Jon, you are quite right. When I did an ED in 2007 to buy my 335i convertible, I did not do it for the incentives. I did it because it gave my Mom, my two sisters and me a chance to have a vacation of a lifetime without spouses and kids. We really bonded on that trip and regained the closeness that we had when we were growing up. I did not save any $$ on that trip since I had to pay for airfare and I picked up all our hotel costs. But it was a trip that we still talk about so many years later and I don't regret it one bit. Although my Mom is sadly no longer with us, I know that when the time comes for me to replace my 335i, I will definitely look at doing another ED. My sisters are on board too! 

CarSwami


----------



## MB330 (Oct 18, 2005)

you can't read out of me. I am here day and night :rofl:


----------



## Dave 20T (Apr 7, 2013)

The Gothenburg drop off point for Saab used to have "hundreds" of people turn in cars. By spring 2005, the man accepting cars said that there hadn't been a return for "a couple of days".

I expect to do a European Delivery in a few years. However, I believe it will be more expensive than US delivery even if one doesn't count travel costs.


----------



## shakes (Mar 15, 2007)

aardvark said:


> My €.02 as a past ED customer and two-decade observer of the situation...
> 
> There are multiple factors at play... but here are the main ones...
> 
> 1.Yes, the ED pricing structure changed (I believe with the 2016 model year). The discount was reduced. Absolutely, there was more to the success of the program than the discount, but it was a factor. ED is a great experience, but unless you're going to be in Munich anyway for some reason, it's a long way to go just to do ED. In terms of justifying the trip to budgets, spouses, etc., the fact that you could say, "Yes, we're splurging on this car/vacation... but we saved $xxxx compared to if we just bought a car off the lot" If $xxxx is smaller than it was, that does affect things.

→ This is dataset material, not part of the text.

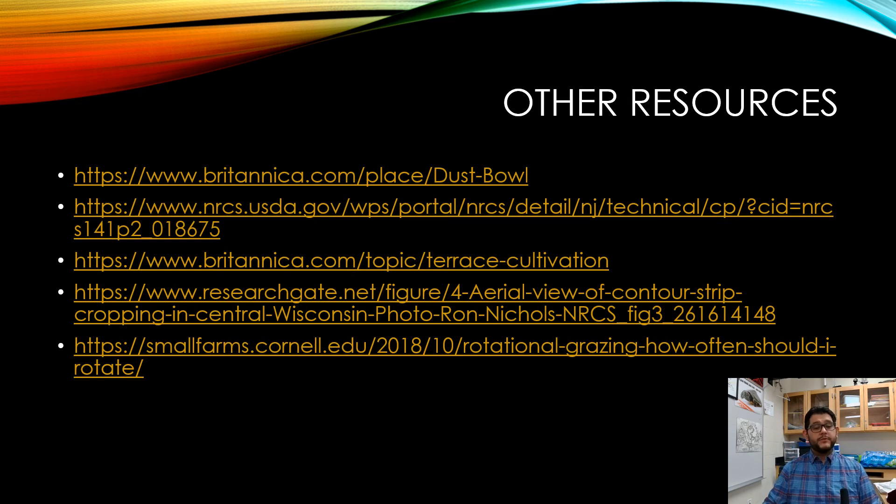Here are some other resources you can check out. Hopefully they'll be able to help you out, and hopefully this was helpful. Thank you very much.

I agree with this in particular- I had hoped to take my entire family on an ED adventure back in 2017, but the new economics of the program were too much of a hurdle. When the $xxxx of savings became extra expense, the program no longer made sense for me. I would say that the several EDs I was able to do were very enjoyable and I thank Jon and all of the members of this forum for some great memories.

I hold out hope that one day the program will return to its past glory and popularity. Only BMW can decide to make that happen.


----------



## Jon Shafer (Dec 15, 2001)

MB330 said:


> you can't read out of me. I am here day and night :rofl:


What great memories!! Thanks for posting!

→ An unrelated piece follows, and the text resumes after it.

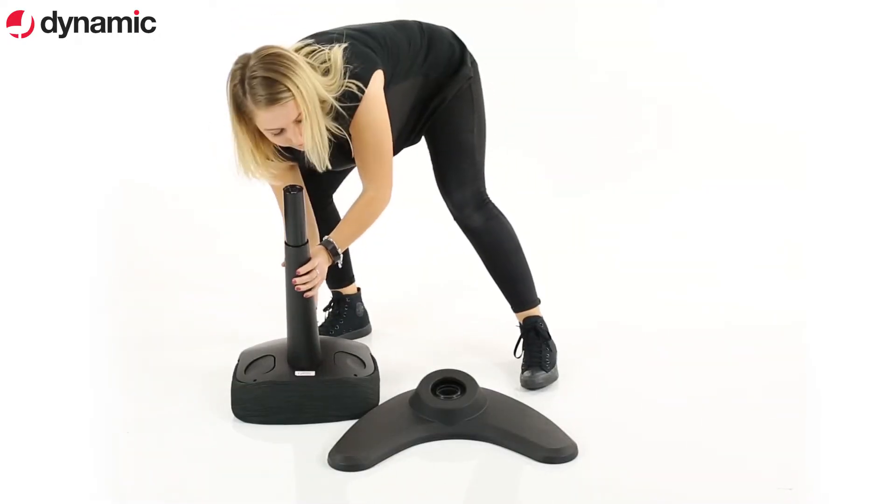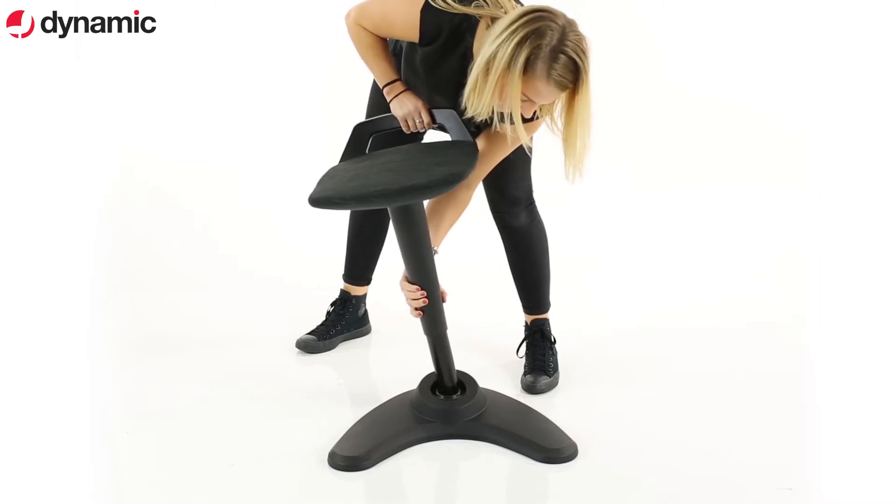Insert the gas lift through the cover and into the seat location. Place the base on the gas lift and push firmly down to secure.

I have a feeling that we can truly revitalize this forum. It has been brought to my attention that many oldtimers are still frequenting the site, choosing mostly to lurk.

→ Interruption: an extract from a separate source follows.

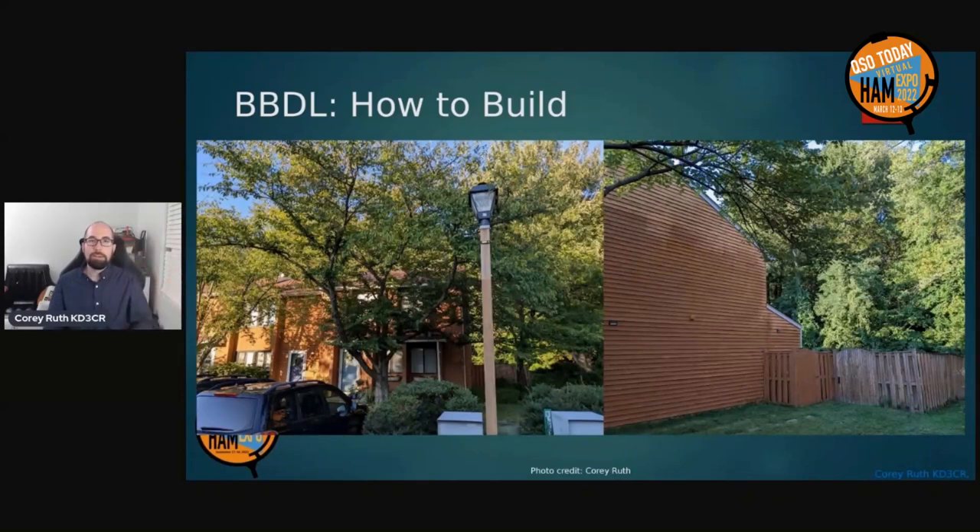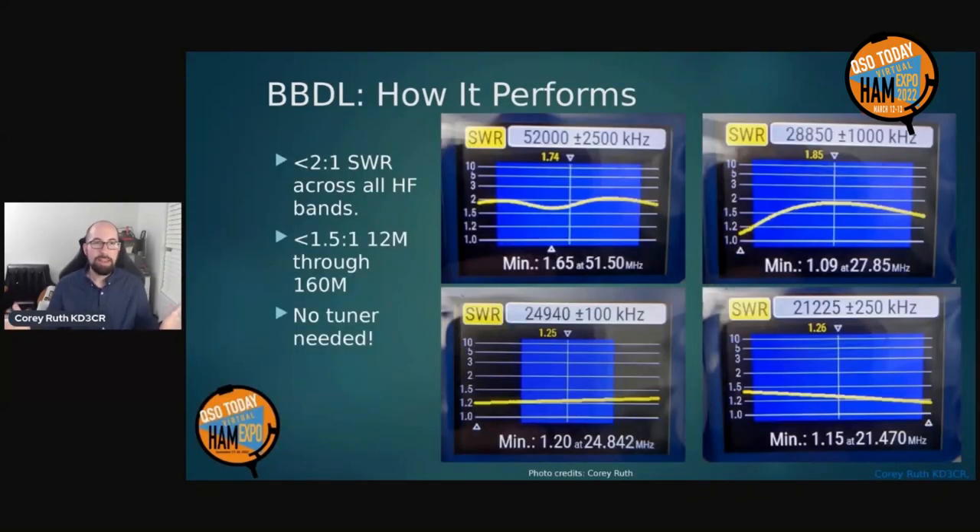To illustrate the stealthiness further — a photo from the front of my house and from the side, and you cannot see it at all. With a two-story house and a 40-foot mast, you couldn't see it until you were standing pretty much in front of the gate at the back side. Once set up, one of the first things I did was check the SWR. Using a RigExpert antenna analyzer — as advertised — two to one or less across all of the HF bands. In fact, on most bands from 12 meters through 160, it was 1.5 to 1 or better, with no tuner needed.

Posting begets more posting, and European Delivery season is right around the corner.

:thumbup:


----------



## pawarrant (Jun 15, 2006)

I sure hope not. This forum is the best resource for ED.


----------



## jhm5 (Jan 8, 2016)

I wonder what the Euro delivery numbers are now versus several years ago? One key factor in less interest in Euro Deliveries is that more than half of BMW's US sales are X models, primarily made in South Carolina. Therefore, the number of potential Euro Delivery customers logically is down. I did a Euro Delivery in '17, 2018 440i, not for cost savings but for adventure, and participated in the forum frequently around that time. I lurk sometimes and answer a question now and then, though things may have changed in two years. When I did a Euro Delivery in '84, not surprisingly, there was no forum. One had to depend on word of mouth and the occasional feature in the Roundel.
John
CCA #6428


----------



## pharding (Mar 14, 2004)

I have completed 6 BMW Euro Deliveries and they were great fun. They were also a great way to get an awesome deal that was actually better than standard ordering. It was also great for BMW brand loyalty. With BMW's moves to reduce the financial benefits of BMW Euro Delivery, they effectively greatly reduced interest and demand. I believe it be rather stupid on their part. For Euro Delivery I leased 4 BMWs from my local dealership. Plus I referred at least 20 people to them for BMW Euro Delivery that resulted in sales. With diminished BMW Euro Delivery I and my referrals went away. When my lease is up on my current US Delivery 2017 BMW 540ix, I will likely go to another German brand. I just don't feely jay connection to BMW like I used to.


----------



## Jon Shafer (Dec 15, 2001)

pharding said:


> I have completed 6 BMW Euro Deliveries and they were great fun. They were also a great way to get an awesome deal that was actually better than standard ordering. It was also great for BMW brand loyalty. With BMW's moves to reduce the financial benefits of BMW Euro Delivery, they effectively greatly reduced interest and demand. I believe it be rather stupid on their part. For Euro Delivery I leased 4 BMWs from my local dealership. Plus I referred at least 20 people to them for BMW Euro Delivery that resulted in sales. With diminished BMW Euro Delivery I and my referrals went away. When my lease is up on my current US Delivery 2017 BMW 540ix, I will likely go to another German brand. I just don't feely jay connection to BMW like I used to.


+1

You are the ideal/prototypical BMW Owner. I was just thinking about you and your son as a matter of fact..

:angel:

What do you suppose it would take to rekindle the passion for ED (besides the obvious)??

:dunno:


----------



## mconley3 (Jun 24, 2015)

Did my first ED in 2016. Got a lot of fantastic information here. Still check this forum every couple of days. Hoping to do another ED in a couple years, no other way I will ever buy a car.


----------



## shakes (Mar 15, 2007)

pharding. When my lease is up on my current US Delivery 2017 BMW 540ix said:


> I hate to admit the same- my wife and I just bought an Audi and when my lease is up in April I am going to look around at other options to replace my bimmer. My current lease is my 9th BMW but i definitely don't feel the connection to the brand that I used to during my ED days.


----------



## AggieKnight (Dec 26, 2008)

pharding said:


> When my lease is up on my current US Delivery 2017 BMW 540ix, I will likely go to another German brand. I just don't feely jay connection to BMW like I used to.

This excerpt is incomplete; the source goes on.